## What is being asked
I need the lines below from the one with "Т-28 - трехбашенный танк" down to the one with "Trick Or Treat" reproduced exactly, both ends included, and nothing else.

## Data provided
★ ★ ★ ★ ★ ★ ★
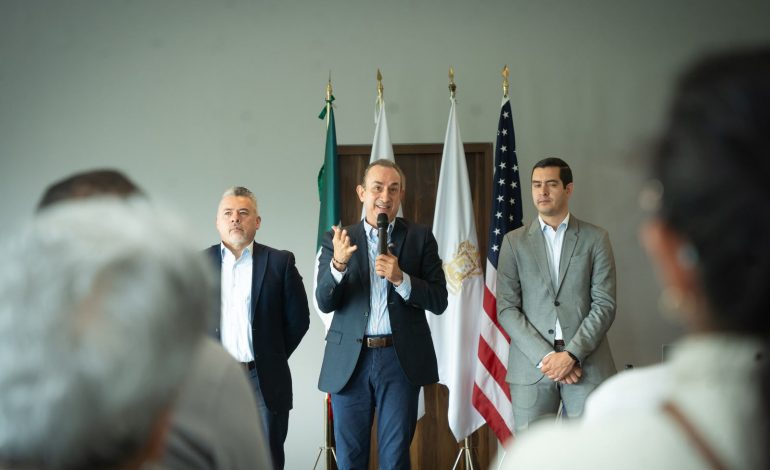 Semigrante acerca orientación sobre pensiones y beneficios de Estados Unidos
★ ★ ★ ★ ★ ★ ★
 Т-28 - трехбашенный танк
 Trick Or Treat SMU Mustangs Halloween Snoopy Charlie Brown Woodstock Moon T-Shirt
★ ★ ★ ★ ★ ★ ★
## Written answer
 Т-28 - трехбашенный танк
 Trick Or Treat SMU Mustangs Halloween Snoopy Charlie Brown Woodstock Moon T-Shirt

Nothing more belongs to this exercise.